Life, that thing constantly getting in the way of our rampant egos, has just dealt me one of its severest blows. I wonder if it's really worth going on. It's that bad.

What on earth could it be that has made me sink to such a low ebb, you may ask. I mean, we gay men have always had a somewhat delusional relationship with our relevance to society - that's what makes us so cranky by cocktail hour. How could things look so fabulous, but yet get any worse? We've just found out large swathes of France hate us, for God's sake. That's right. France.  Without us, what does France have, apart from a reputation for unclean foreskin and racial hatred? Rien de rien, bébé.

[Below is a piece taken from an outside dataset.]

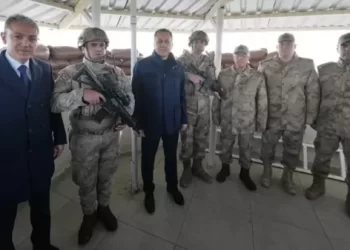 Bakan Yerlikaya, Dibek Jandarma Üs Bölgesini ziyaret etti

Well here it is. I've got bad news, people, and it's all about me, because frankly I'm the center of the universe and you scour for crumbs in my shadow. As I contemplated my contours in the mirror this morning, I realised I'm going to hit my physical peak when I'm about 62.

It's so unfair.

When I was twenty, I was a skinny bitch. I recently found photos of my ungainly youth (luckily for some, the computer has replaced the Polaroid - to spare most of us from stumbling across images of our spotty foreheads thirty years later and thus awakening us to the entire, ugly sadness of our lives and hairstyles). I was burned to a Costa del Sol cinder - eyes glowing like canned lychees in their sockets - and I carried myself as would a praying mantis. I'm amazed I ever got laid - I did, with girls and then, somehow, boys - but clearly these people were even more self-hating than moi.  I gave off an air of having taken a spa in Dachau.

You see, when I lumbered into my twenties, men started going to the gym in ever-increasing numbers. It's difficult to say why this happened, other than it's clearly the gays' fault. In my neck of the woods, bodybuilding was the preserve of the criminal underworld and of actors who wore monkey suits in bad sci-fi movies. And Roger Daltrey of The Who. (I for a brief while went to his Brighton gym, until I was sucked down the extractor fan of the hot tub and it took the local fire brigade three days to get me out).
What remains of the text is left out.